WORK ORDER:
Of all the lines below, return only those starting with the line holding "Welcome to the Debtors" and going on through the line holding "Even though we", exactly as written.
___ EXERCISE MATERIALS
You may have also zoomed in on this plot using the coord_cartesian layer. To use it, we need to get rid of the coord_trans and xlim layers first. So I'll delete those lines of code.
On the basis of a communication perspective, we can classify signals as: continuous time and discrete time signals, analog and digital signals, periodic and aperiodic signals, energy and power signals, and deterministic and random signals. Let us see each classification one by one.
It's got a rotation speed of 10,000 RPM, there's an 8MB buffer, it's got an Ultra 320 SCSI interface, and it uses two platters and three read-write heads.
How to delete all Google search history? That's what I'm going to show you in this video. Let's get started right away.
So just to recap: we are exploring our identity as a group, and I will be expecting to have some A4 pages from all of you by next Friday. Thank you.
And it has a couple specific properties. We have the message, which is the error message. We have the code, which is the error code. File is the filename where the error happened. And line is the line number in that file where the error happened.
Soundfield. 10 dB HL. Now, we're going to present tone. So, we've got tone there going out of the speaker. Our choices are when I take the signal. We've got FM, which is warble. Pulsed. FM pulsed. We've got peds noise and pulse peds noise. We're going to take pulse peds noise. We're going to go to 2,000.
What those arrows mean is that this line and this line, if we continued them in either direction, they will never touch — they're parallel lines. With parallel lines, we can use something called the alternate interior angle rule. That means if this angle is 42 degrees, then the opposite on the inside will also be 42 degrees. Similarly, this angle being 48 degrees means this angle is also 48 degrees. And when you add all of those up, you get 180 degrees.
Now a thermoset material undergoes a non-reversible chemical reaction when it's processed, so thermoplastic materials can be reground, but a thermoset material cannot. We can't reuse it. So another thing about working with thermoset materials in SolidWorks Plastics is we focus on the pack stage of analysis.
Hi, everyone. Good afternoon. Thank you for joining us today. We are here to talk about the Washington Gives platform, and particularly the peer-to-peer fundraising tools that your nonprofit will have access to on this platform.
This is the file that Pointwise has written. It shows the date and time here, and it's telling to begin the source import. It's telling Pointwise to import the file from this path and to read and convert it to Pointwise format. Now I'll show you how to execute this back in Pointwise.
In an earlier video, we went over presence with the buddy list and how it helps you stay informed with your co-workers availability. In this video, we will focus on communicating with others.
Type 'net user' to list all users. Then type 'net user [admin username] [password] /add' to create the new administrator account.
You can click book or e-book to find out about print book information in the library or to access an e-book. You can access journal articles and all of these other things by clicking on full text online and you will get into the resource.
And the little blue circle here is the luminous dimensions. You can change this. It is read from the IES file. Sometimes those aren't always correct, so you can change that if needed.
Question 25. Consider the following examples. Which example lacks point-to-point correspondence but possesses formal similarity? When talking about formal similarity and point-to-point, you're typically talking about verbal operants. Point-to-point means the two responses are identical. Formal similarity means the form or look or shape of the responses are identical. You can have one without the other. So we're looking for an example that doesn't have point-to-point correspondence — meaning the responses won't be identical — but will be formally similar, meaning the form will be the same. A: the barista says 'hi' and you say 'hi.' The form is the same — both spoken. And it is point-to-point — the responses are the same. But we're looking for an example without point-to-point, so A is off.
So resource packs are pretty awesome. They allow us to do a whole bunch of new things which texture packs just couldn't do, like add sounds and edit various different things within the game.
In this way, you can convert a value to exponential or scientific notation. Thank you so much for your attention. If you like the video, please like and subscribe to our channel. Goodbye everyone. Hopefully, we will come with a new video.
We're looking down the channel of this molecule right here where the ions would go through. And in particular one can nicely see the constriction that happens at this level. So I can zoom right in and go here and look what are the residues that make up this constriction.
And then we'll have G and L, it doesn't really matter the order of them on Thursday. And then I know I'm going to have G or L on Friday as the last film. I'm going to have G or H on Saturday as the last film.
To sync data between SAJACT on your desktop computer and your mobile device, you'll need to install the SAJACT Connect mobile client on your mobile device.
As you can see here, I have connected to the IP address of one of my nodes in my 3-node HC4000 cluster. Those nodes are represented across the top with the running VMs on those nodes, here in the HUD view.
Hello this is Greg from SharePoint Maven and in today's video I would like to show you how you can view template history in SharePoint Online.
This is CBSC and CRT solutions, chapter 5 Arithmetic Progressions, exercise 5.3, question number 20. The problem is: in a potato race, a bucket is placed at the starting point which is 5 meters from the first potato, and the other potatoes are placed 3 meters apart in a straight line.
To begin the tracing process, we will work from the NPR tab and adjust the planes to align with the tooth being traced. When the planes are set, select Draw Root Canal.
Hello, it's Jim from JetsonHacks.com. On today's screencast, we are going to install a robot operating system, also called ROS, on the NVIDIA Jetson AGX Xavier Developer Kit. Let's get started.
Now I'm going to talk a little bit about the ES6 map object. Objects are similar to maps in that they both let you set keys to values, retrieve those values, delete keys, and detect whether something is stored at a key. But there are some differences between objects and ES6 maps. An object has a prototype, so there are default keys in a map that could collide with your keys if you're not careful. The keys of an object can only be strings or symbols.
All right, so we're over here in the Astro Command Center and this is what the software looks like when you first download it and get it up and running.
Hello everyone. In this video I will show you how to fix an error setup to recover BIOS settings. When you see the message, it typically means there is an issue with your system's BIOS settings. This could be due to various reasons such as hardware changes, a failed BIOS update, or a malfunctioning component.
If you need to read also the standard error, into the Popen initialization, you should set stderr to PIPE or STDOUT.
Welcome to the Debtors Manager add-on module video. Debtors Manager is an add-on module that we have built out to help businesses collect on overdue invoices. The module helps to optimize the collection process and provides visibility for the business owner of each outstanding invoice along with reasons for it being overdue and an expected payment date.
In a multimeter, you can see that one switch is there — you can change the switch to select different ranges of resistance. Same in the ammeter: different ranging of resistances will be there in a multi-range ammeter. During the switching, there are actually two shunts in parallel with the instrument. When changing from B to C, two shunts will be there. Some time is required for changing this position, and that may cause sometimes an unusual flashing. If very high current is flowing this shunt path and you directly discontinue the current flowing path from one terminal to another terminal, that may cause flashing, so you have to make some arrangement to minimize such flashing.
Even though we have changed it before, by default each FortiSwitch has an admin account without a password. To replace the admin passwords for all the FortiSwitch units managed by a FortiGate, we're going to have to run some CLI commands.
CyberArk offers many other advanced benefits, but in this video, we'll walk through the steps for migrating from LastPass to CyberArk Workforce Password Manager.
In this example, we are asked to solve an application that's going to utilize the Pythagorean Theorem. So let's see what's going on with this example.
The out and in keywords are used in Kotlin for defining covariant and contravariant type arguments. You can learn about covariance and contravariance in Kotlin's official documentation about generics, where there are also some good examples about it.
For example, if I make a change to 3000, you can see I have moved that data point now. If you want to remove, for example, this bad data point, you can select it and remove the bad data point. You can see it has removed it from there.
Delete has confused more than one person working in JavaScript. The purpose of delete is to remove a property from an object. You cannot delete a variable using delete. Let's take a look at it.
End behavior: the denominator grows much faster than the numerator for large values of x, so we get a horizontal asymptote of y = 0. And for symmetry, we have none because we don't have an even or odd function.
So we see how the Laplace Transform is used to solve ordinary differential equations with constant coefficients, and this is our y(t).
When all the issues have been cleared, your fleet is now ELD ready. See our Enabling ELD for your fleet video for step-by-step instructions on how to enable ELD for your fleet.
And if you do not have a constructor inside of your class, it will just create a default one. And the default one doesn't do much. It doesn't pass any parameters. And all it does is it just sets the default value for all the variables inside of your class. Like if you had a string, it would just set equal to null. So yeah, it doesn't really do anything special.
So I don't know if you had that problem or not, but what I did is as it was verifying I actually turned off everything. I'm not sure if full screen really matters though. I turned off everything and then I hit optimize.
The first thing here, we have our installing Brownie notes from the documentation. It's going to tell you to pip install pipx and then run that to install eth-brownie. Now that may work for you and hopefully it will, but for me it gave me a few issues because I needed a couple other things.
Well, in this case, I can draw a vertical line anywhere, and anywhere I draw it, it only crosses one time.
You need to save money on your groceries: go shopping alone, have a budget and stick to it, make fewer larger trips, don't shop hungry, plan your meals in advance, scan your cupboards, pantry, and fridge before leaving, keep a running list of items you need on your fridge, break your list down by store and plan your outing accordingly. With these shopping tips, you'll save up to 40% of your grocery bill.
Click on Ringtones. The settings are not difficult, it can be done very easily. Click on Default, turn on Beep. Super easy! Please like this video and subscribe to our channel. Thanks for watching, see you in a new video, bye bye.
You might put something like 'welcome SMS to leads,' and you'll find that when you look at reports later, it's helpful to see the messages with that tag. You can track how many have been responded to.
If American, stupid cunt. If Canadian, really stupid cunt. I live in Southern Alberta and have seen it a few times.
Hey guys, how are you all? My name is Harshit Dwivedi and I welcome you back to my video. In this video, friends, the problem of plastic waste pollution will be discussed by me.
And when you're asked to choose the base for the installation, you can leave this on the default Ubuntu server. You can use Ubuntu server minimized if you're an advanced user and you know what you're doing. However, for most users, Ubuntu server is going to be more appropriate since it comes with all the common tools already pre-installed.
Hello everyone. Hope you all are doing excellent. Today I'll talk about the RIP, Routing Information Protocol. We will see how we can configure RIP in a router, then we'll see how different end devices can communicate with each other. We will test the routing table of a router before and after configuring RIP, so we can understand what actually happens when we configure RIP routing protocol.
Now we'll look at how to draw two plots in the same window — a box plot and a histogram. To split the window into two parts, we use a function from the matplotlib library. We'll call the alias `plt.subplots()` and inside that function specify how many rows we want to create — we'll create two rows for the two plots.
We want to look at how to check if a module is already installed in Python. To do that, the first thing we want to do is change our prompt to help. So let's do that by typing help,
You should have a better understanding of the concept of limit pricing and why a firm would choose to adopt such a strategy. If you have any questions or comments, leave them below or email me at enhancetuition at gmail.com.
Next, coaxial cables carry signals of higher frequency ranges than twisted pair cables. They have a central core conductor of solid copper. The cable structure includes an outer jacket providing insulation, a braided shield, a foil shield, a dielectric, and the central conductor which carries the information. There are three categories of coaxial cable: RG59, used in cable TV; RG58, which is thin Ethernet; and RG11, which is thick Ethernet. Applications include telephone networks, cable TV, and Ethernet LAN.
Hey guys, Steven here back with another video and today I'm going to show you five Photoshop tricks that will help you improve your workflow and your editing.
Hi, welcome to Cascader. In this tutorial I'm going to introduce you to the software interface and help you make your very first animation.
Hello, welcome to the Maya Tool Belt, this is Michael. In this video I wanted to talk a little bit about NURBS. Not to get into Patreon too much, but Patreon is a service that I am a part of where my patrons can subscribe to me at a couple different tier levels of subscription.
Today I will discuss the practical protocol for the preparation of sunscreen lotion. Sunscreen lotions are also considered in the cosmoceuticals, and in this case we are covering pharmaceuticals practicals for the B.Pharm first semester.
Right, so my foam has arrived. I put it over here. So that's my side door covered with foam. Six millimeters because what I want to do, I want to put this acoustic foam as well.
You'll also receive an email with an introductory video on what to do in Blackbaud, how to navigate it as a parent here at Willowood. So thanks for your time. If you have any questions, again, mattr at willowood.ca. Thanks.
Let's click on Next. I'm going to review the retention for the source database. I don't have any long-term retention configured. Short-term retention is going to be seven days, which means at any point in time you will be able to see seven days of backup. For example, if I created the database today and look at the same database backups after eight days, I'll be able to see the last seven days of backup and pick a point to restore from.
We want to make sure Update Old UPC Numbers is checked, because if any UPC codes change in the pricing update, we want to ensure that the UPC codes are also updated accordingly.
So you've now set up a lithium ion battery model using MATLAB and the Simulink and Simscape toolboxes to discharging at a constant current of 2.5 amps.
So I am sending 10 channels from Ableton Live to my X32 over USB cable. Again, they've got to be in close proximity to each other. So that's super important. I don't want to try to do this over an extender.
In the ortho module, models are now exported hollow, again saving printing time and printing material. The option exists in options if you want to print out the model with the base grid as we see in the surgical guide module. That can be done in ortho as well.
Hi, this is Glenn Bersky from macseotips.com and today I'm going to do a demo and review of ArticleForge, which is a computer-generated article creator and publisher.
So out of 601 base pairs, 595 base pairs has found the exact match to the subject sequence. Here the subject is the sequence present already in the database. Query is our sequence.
______
THE ANSWER:
Welcome to the Debtors Manager add-on module video. Debtors Manager is an add-on module that we have built out to help businesses collect on overdue invoices. The module helps to optimize the collection process and provides visibility for the business owner of each outstanding invoice along with reasons for it being overdue and an expected payment date.
In a multimeter, you can see that one switch is there — you can change the switch to select different ranges of resistance. Same in the ammeter: different ranging of resistances will be there in a multi-range ammeter. During the switching, there are actually two shunts in parallel with the instrument. When changing from B to C, two shunts will be there. Some time is required for changing this position, and that may cause sometimes an unusual flashing. If very high current is flowing this shunt path and you directly discontinue the current flowing path from one terminal to another terminal, that may cause flashing, so you have to make some arrangement to minimize such flashing.
Even though we have changed it before, by default each FortiSwitch has an admin account without a password. To replace the admin passwords for all the FortiSwitch units managed by a FortiGate, we're going to have to run some CLI commands.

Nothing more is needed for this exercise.